FOR IMMEDIATE RELEASE AT
THURSDAY, OCTOBER 3, 1996 (202) 616-2771
TDD (202) 514-1888
TWO FORMER ANTITRUST DIVISION HEADS RECEIVE
JUSTICE DEPARTMENT'S 1996 JOHN SHERMAN AWARD
Former Assistant Attorneys General Honored for
Landmark Legal Work Leading To the Break up of AT&T
WASHINGTON, D.C. -- Former Antitrust Division chiefs Thomas
E. Kauper and William F. Baxter received the Department of
Justice's John Sherman Award today for their roles in the
Department's historic case that led to the break up of AT&T.
Kauper, as Assistant Attorney General in charge of the
Antitrust Division during the Ford Administration, filed the
initial complaint against AT&T in 1974, seeking to end the
telecommunications giant's monopoly in the markets for telephone
service and equipment.
Baxter, as head of the Antitrust Division during the Reagan
Administration, spearheaded the negotiations with AT&T that
produced the now historic consent decree that lead to the breakup
of AT&T, ending its monopoly over the telecommunications
industry.
"Tom Kauper and Bill Baxter built the foundation upon which
we have been constructing a competitive telecommunications
industry," said Anne K. Bingaman, Assistant Attorney General in
charge of the Antitrust Division. "Without their visionary work
on the AT&T case we wouldn't have the vigorous and innovative
telecommunications industry we see developing today."
Created in 1994, the John Sherman Award is presented
annually by the Department's Antitrust Division to a person or,
persons for their outstanding achievement in antitrust law,
contributing to the protection of American consumers and to the
preservation of economic liberty.
The Department's 1974 lawsuit alleged that AT&T illegally
monopolized telecommunications services and equipment, and as the
trial neared completion, brought AT&T to the negotiating table.
The 1982 consent decree reached with AT&T through those
negotiations created the conditions for competition in the
markets for telecommunications equipment and long distance phone
service -- competition that led to lower prices, better service,
and higher quality products for consumers.

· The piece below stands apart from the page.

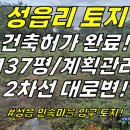 성읍민속로 이미지
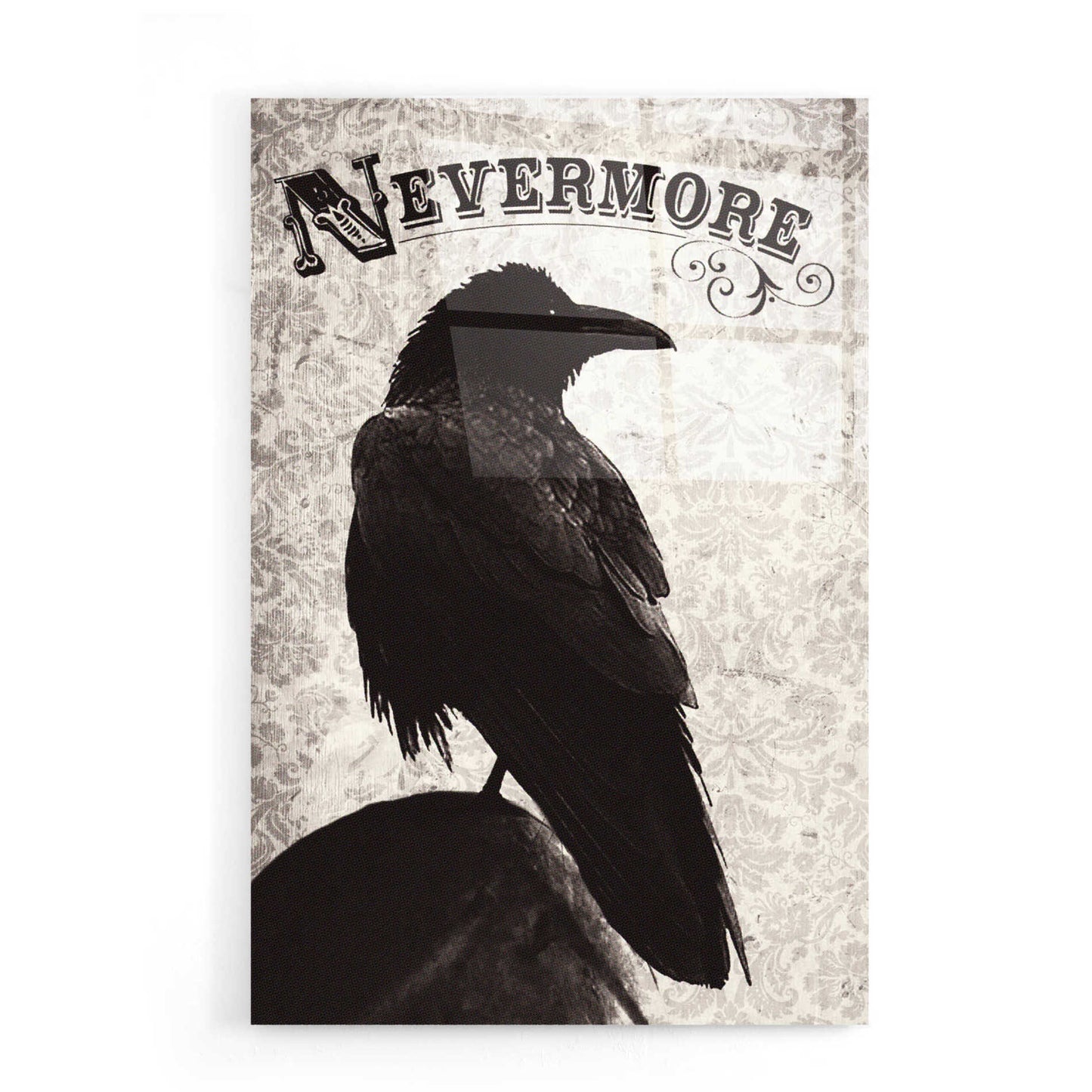 Epic Art 'Nevermore' by Michael Buxton, Acrylic Glass Wall Art,16x24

The Telecommunications Law of 1996 builds on the success of
the consent decree by attempting to create competition in local
markets -- allowing competition to thrive in all sectors of the
industry.
Kauper, a professor of law at the University of Michigan Law
School since 1964, has enjoyed a nearly 40 year legal career in
government and academics. After graduating from the University
of Michigan Law School in 1960, Kauper spent two years clerking
for Associate Supreme Court Justice Potter Stewart. He began his
career at the Justice Department in 1969, serving a two year
stint as Deputy Assistant Attorney General in the Department's
Office of Legal Counsel. He resumed his full-time teaching
career at the University of Michigan Law School only to return to
the Justice Department in 1972, as Assistant Attorney General in
charge of the Antitrust Division -- a position he held until
1976.
William F. Baxter, is currently a professor of law at
Stanford Law School as well as Of Counsel at the law firm of
Shearman and Sterling -- positions he has occupied since 1984.
Baxter graduated from Stanford University Law School in 1956,
staying on as an assistant professor of law until 1958. He
continued his distinguished academic career as a visiting
professor of law at Yale University from 1964 to 1965. In 1969,
Baxter spent a year as a member of President Nixon's Task Force
on Antitrust Policy. He served as Assistant Attorney General in
charge of the Justice Department's Antitrust Division from 1981
to 1983. Throughout his career, Professor Baxter has been a
consultant to numerous corporations, non-profit groups and
government agencies for various intervals.
The award is named for the author of the Sherman Act of
1890, the nation's first and foremost antitrust law. Sherman, a
former Congressman and Senator, also served as Secretary of the
Treasury from 1877 to 1881, and as Secretary of State from 1897
to 1898.
The first recipient of the John Sherman Award was U.S.
Senator Howard M. Metzenbaum of Ohio, in 1994. Last year's
recipient was Harvard Law School Professor Phillip E. Areeda.
The Sherman Act outlaws all contracts, combinations and
conspiracies that unreasonably restrain interstate trade,
including agreements among competitors to fix prices, rig bids
and allocate customers. The Act also makes it a crime to
monopolize any part of interstate commerce.